# 25 percent chance of winning, but only 3 wins in the past 20 events

If anyone is interested, this question is prompted by the recent NBA Lottery results. In the past 20 years, the team with the worst record in the NBA has won the lottery exactly 3 times. The team with the worst record every year has a 25% chance of winning the number one overall pick.

Of course, many people will talk about how the lottery is rigged and cite this statistic as an example of why. However, it doesn't seem like this is a statistically significant deviation from the expected value of 5 wins.

Does anyone know which test I should use to find out whether the worst record team winning the overall pick only 3 or fewer times in the past 20 years is statistically significantly unlikely?

Mostly interested in the process here, since I should be familiar with this. My first instinct tells me to use the binomial probability function and thus, $\sum_{x=0}^3 {n \choose x} (.25)^3 (.75)^{(20-x)}$, which yields around 22.5%, which is greater than an $\alpha$ of say, 0.05, so this isn't statistically significant.

However, I feel like there is a better way to do this involving the expected value of 5. Does anyone have a clue on what I'm looking for here?

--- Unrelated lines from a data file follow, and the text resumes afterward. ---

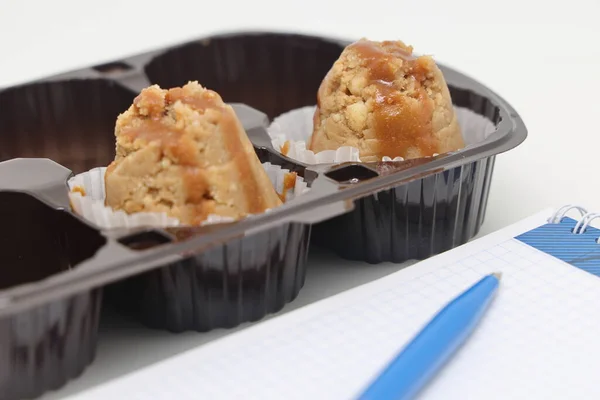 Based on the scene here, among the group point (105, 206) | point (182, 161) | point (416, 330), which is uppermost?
point (182, 161)

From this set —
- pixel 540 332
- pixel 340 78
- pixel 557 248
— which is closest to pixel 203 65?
pixel 340 78

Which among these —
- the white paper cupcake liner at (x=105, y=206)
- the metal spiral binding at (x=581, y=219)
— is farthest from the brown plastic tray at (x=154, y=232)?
the metal spiral binding at (x=581, y=219)

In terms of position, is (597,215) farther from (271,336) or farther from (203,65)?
(203,65)

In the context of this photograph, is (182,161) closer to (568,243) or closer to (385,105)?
(385,105)

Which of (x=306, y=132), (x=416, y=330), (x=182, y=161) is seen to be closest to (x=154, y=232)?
(x=182, y=161)

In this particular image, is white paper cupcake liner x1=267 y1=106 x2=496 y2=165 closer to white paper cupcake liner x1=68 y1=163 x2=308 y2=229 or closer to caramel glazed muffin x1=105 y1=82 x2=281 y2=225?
white paper cupcake liner x1=68 y1=163 x2=308 y2=229

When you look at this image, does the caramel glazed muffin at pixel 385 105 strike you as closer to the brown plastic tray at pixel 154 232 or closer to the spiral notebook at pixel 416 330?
the brown plastic tray at pixel 154 232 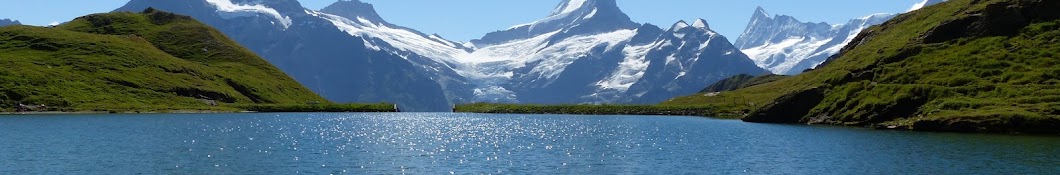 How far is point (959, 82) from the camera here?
14350 centimetres

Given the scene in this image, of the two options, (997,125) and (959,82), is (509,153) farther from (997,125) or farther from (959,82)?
(959,82)

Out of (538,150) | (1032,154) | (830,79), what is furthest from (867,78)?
(538,150)

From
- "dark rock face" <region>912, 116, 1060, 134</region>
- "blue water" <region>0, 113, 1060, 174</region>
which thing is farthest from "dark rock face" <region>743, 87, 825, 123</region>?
"blue water" <region>0, 113, 1060, 174</region>

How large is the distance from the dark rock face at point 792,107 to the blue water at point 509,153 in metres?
45.6

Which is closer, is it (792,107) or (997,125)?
(997,125)

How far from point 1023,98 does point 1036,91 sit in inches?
177

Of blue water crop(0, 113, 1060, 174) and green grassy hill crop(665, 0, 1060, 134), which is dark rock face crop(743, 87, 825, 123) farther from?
blue water crop(0, 113, 1060, 174)

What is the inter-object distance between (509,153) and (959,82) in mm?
88043

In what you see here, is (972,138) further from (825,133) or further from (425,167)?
(425,167)

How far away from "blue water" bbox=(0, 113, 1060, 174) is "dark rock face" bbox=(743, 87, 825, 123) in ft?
150

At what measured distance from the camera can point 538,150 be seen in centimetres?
8838

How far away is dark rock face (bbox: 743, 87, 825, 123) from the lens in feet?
530

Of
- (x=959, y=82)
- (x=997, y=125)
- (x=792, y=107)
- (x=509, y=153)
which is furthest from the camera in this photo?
(x=792, y=107)

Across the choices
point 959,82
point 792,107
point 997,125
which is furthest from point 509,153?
point 792,107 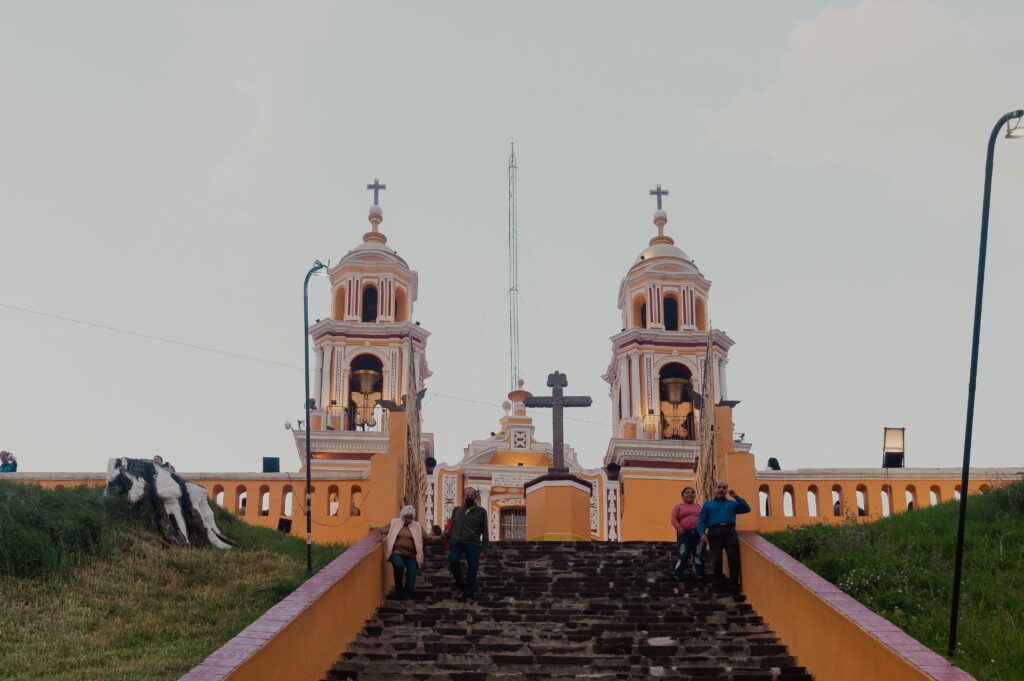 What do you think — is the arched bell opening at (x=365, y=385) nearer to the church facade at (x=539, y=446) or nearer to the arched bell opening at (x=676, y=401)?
the church facade at (x=539, y=446)

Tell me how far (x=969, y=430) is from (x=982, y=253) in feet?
4.53

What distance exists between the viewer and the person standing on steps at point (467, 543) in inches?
505

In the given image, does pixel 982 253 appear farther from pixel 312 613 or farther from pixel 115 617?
pixel 115 617

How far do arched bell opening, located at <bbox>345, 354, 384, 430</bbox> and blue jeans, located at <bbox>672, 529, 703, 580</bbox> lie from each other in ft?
75.4

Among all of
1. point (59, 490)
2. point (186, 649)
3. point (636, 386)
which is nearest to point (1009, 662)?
point (186, 649)

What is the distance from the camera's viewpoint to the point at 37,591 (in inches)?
494

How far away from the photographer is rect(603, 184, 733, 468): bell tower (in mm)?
33062

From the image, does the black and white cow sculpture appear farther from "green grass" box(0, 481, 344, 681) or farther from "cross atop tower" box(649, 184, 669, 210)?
"cross atop tower" box(649, 184, 669, 210)

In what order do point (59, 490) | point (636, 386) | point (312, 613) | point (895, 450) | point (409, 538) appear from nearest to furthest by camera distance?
1. point (312, 613)
2. point (409, 538)
3. point (59, 490)
4. point (895, 450)
5. point (636, 386)

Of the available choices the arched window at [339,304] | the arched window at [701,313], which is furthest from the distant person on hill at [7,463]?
the arched window at [701,313]

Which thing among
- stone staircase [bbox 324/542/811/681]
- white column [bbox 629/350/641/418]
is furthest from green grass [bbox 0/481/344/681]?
white column [bbox 629/350/641/418]

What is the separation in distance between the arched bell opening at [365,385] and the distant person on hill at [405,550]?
2285cm

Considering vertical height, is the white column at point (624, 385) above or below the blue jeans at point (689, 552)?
above

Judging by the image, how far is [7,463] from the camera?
19828 millimetres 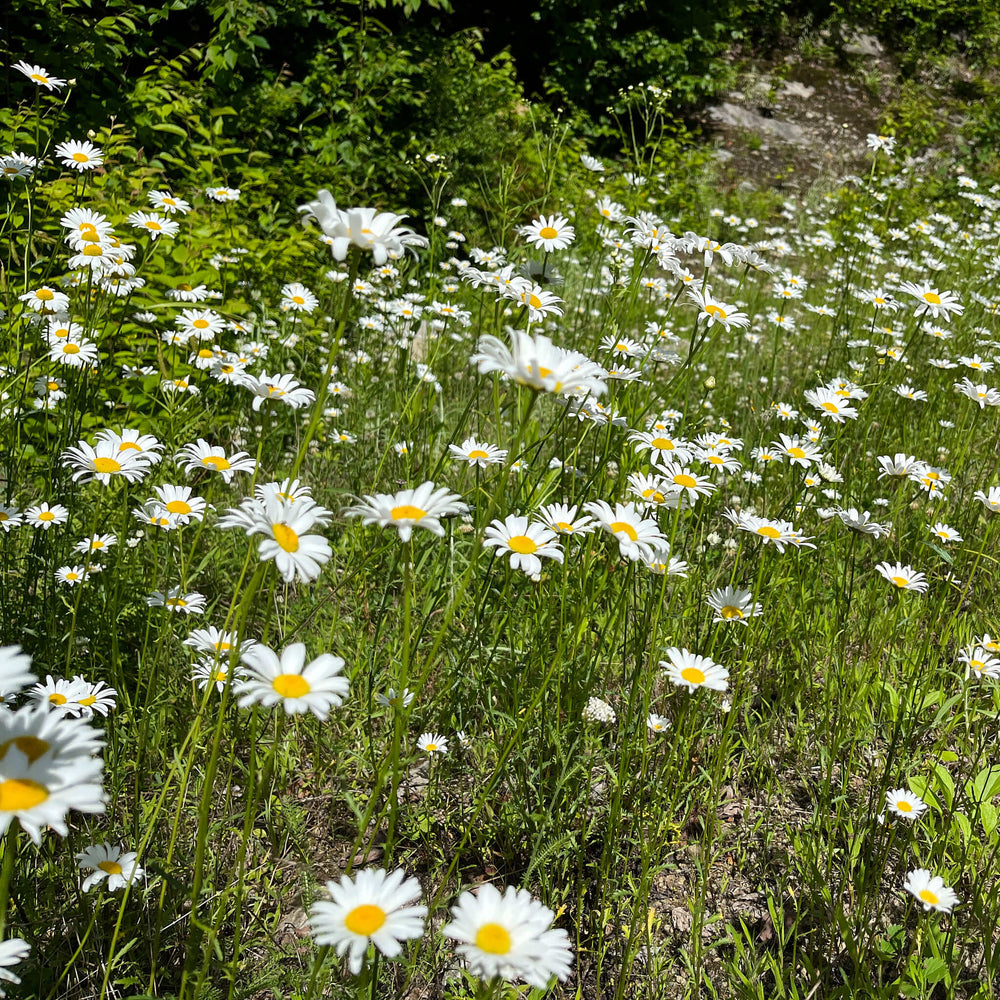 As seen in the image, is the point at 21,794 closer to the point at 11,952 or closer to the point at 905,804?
the point at 11,952

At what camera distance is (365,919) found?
810 millimetres

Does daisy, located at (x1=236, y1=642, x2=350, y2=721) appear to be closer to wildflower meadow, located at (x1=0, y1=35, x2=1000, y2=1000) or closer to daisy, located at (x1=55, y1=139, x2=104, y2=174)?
wildflower meadow, located at (x1=0, y1=35, x2=1000, y2=1000)

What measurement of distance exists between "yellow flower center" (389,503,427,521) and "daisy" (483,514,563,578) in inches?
10.0

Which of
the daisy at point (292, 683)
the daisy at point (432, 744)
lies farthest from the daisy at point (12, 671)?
the daisy at point (432, 744)

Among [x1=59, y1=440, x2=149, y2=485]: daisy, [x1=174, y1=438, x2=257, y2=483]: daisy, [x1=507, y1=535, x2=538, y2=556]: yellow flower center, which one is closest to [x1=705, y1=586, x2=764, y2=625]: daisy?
[x1=507, y1=535, x2=538, y2=556]: yellow flower center

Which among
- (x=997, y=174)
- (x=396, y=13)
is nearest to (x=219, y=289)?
(x=396, y=13)

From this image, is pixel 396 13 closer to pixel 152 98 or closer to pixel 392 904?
pixel 152 98

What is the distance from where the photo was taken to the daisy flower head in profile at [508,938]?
2.46 ft

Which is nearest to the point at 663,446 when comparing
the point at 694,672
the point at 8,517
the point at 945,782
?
the point at 694,672

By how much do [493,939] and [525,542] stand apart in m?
0.65

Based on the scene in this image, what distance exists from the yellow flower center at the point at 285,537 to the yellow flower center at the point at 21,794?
A: 353mm

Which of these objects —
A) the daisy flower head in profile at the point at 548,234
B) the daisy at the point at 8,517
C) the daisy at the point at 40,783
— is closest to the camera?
the daisy at the point at 40,783

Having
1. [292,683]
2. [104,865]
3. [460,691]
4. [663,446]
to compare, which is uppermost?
[292,683]

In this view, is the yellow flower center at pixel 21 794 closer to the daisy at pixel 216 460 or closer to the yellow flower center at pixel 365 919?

Your intuition is spot on. What you calculated with $$\sum_{x = 0}^3 { 20 \choose x } (0.25)^x (1-0.25)^{20-x} = 22.5 \%$$ is just the probability of this strange event or more extreme occurring given the null hypothesis that the probability of getting the first overall pick is equal to $0.25$ for the worst team. This is by definition the p-value for this likelihood (Binomial), hypothesis (probability being $0.25$), and data ($3$ in $20$) for the one-sided extreme or half the p-value for the two-sided extreme (i.e., a p-value of $45 \%$!)
This is the exact p-value, and not the approximation that the Normal approximation to the Binomial would give you (and the approximation would be poor with a low sample size and $5$ so close to $0$). Although that approach might give you nice interpretability about how far $3$ is from the expected value of $5$ in a statistical sense.